학술논문

Link Mining for Kernel-based Compound-Protein Interaction Predictions Using a Chemogenomics Approach
Document Type
Working Paper
Source
In the Thirteenth International Conference on Intelligent Computing (ICIC2017), Lecture Notes in Computer Science, 10362: 549-558, 2017
Subject
Quantitative Biology - Quantitative Methods
Computer Science - Computational Engineering, Finance, and Science
Statistics - Machine Learning
J.3
Language
Abstract
Virtual screening (VS) is widely used during computational drug discovery to reduce costs.

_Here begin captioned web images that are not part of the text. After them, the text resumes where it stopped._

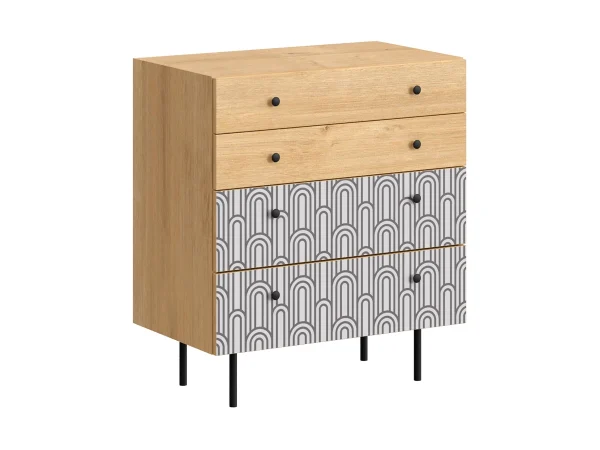 Комод большой Frida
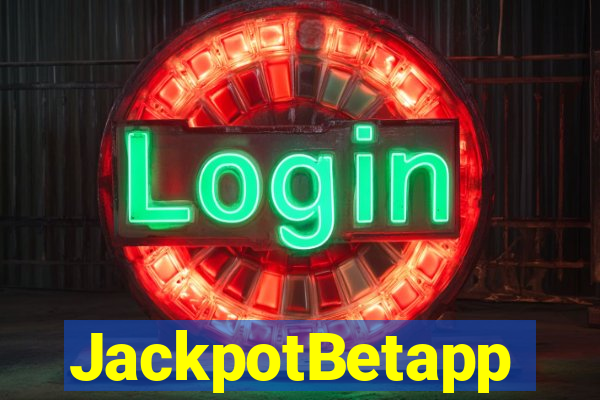 JackpotBetapp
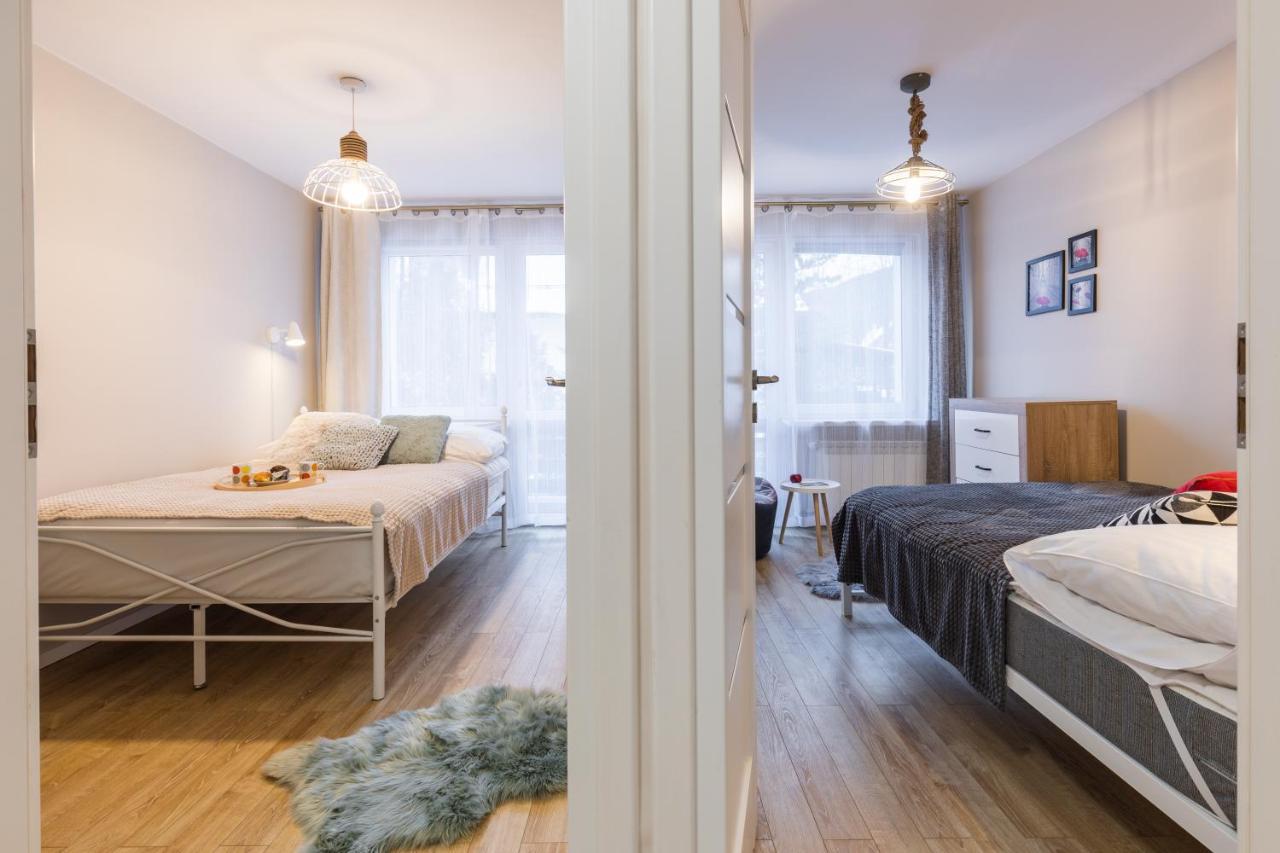 Holiday home Domek Ida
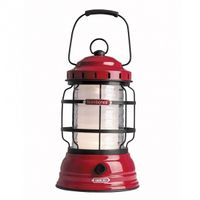 Barebones Forest Tafellantaarn Rood
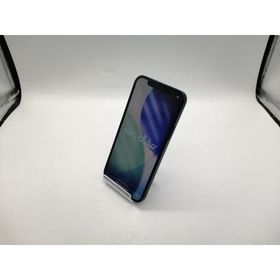 【中古】Apple au 【SIMロック解除済み】 iPhone 12 64GB ブルー MGHR3J/A【大須アメ横】保証期間１ヶ月【ランクC】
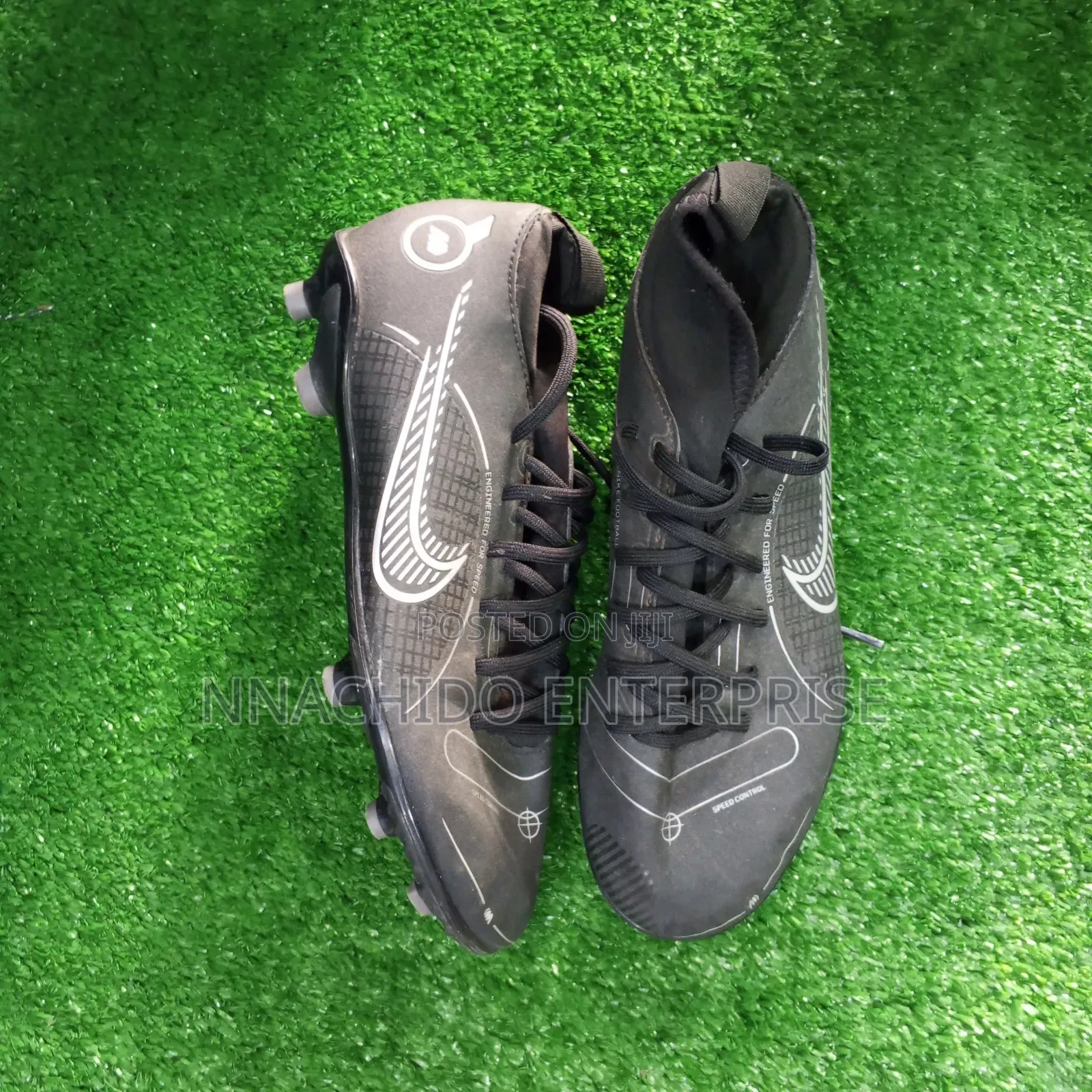 Football Boot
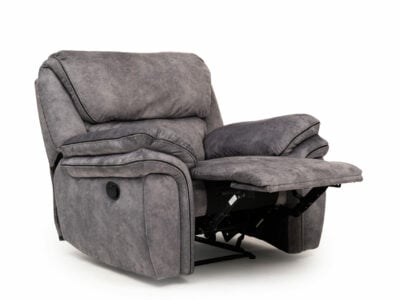 Single Recliner
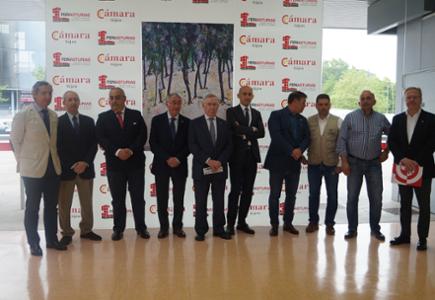 El Recinto Ferial Luis Adaro acogió la séptima edición de San Antonio
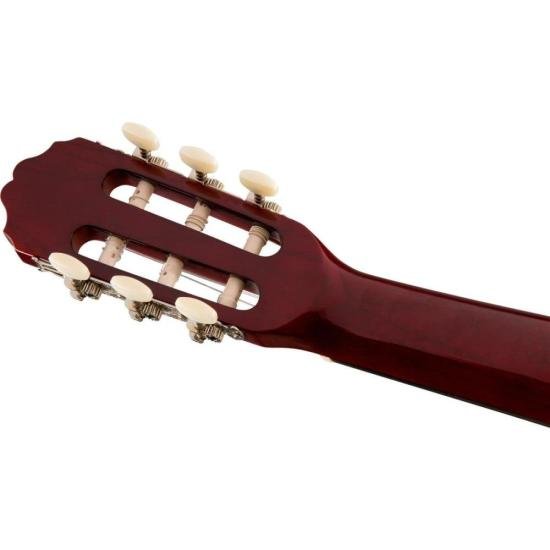 Violão Squier Sa-150n Nylon Classical por 799,99 à vista no boleto/pix ou parcele em até 10x sem juros. Compre na loja Mundomax!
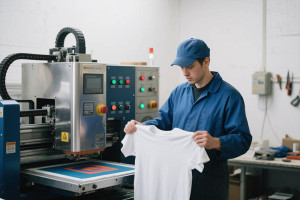 Custom Streetwear Guide - What is Sublimation Printing?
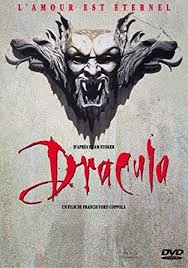 Dimanche cinéma - Dracula - Spaziu Culturale Natale Rochiccioli - Cargèse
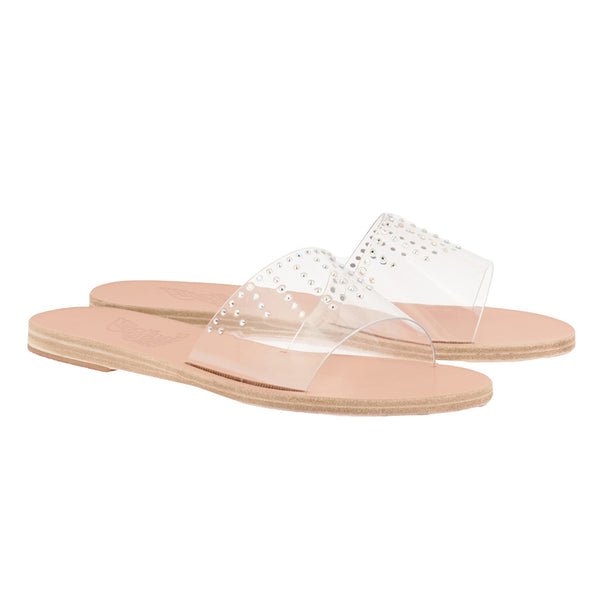 Ancient Greek Sandals Tessa Natural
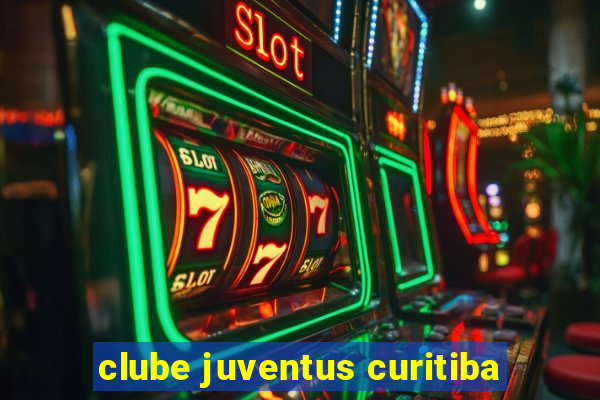 clube juventus curitiba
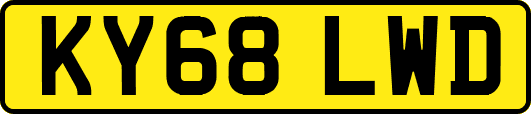 KY68LWD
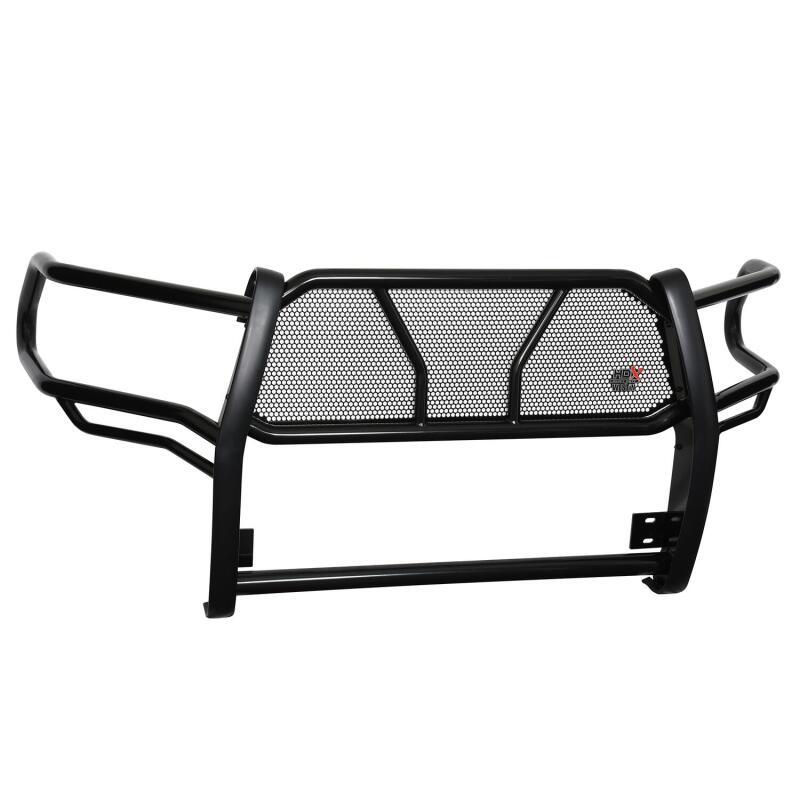 Toyota 4Runner Grille Guard - Westin - HDX Modular - Black - `14-`24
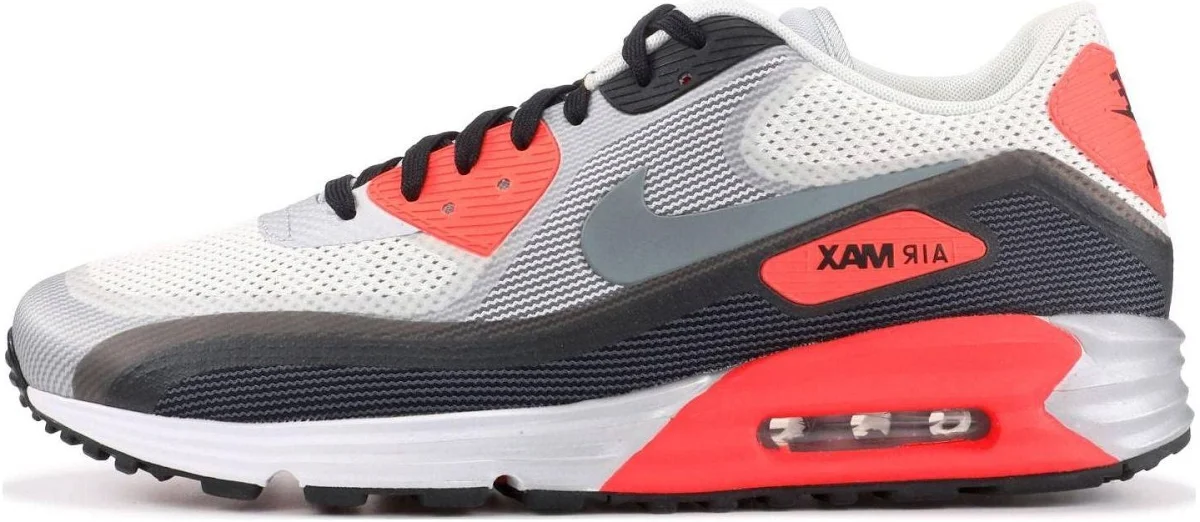 NIKE AIR MAX 90 INFRARED - Image 3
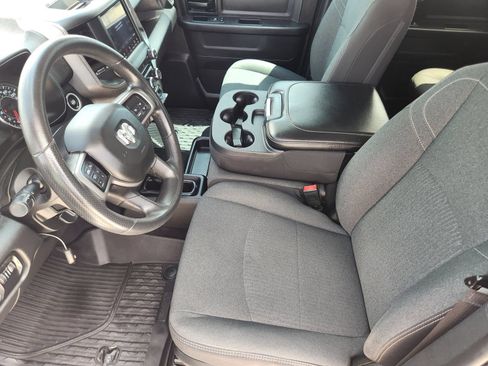 Used 2020 RAM 2500 Tradesman AWD/4WD image 15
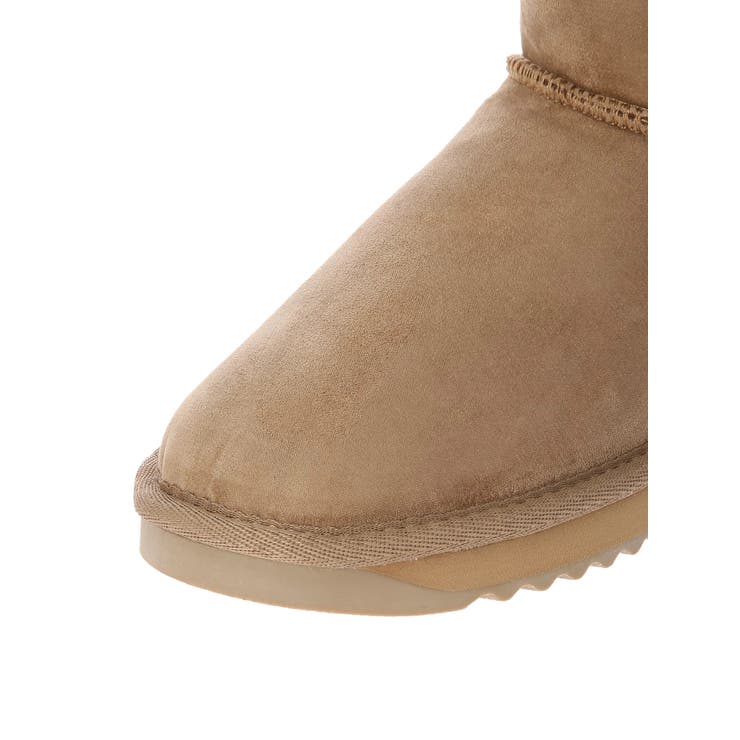 ・ORiental TRaffic ムートンタッチブーツ | earth music&ecology  | 詳細画像3 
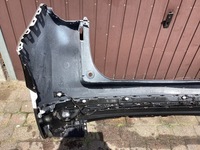 фото thumb №7, Renault grant scenic iv бампер задній kompletny pdc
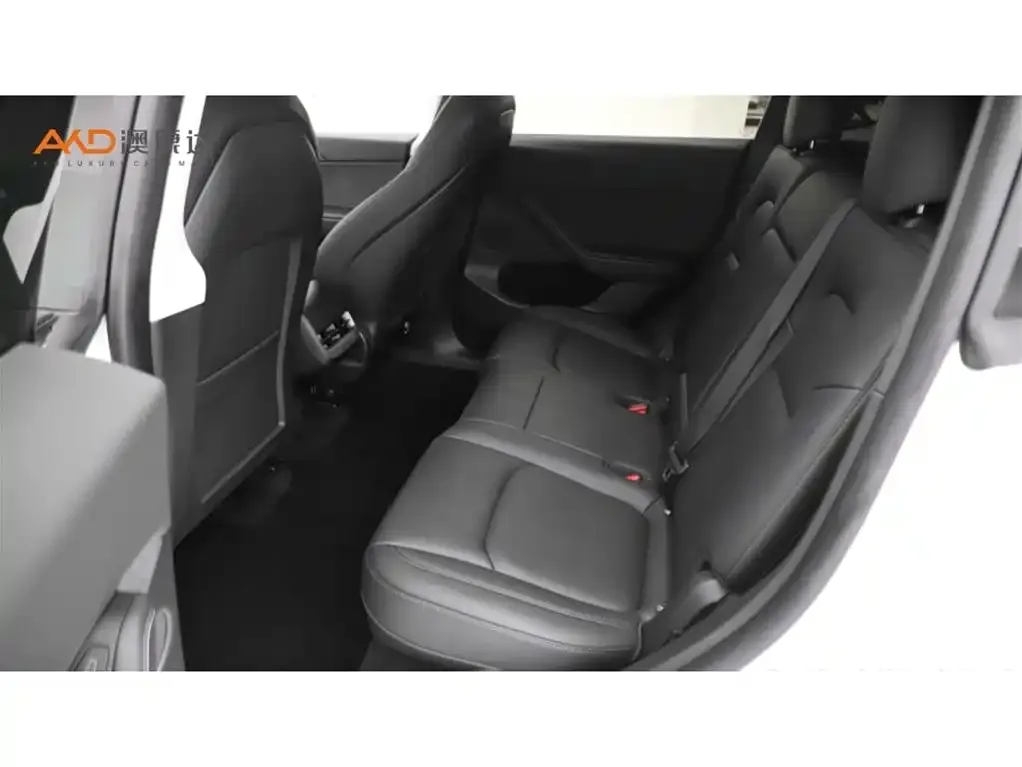 Tesla Model Y 2025 из CN, фото 10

Chemogenomics-based virtual screening (CGBVS) can be used to predict new compound-protein interactions (CPIs) from known CPI network data using several methods, including machine learning and data mining. Although CGBVS facilitates highly efficient and accurate CPI prediction, it has poor performance for prediction of new compounds for which CPIs are unknown. The pairwise kernel method (PKM) is a state-of-the-art CGBVS method and shows high accuracy for prediction of new compounds. In this study, on the basis of link mining, we improved the PKM by combining link indicator kernel (LIK) and chemical similarity and evaluated the accuracy of these methods. The proposed method obtained an average area under the precision-recall curve (AUPR) value of 0.562, which was higher than that achieved by the conventional Gaussian interaction profile (GIP) method (0.425), and the calculation time was only increased by a few percent.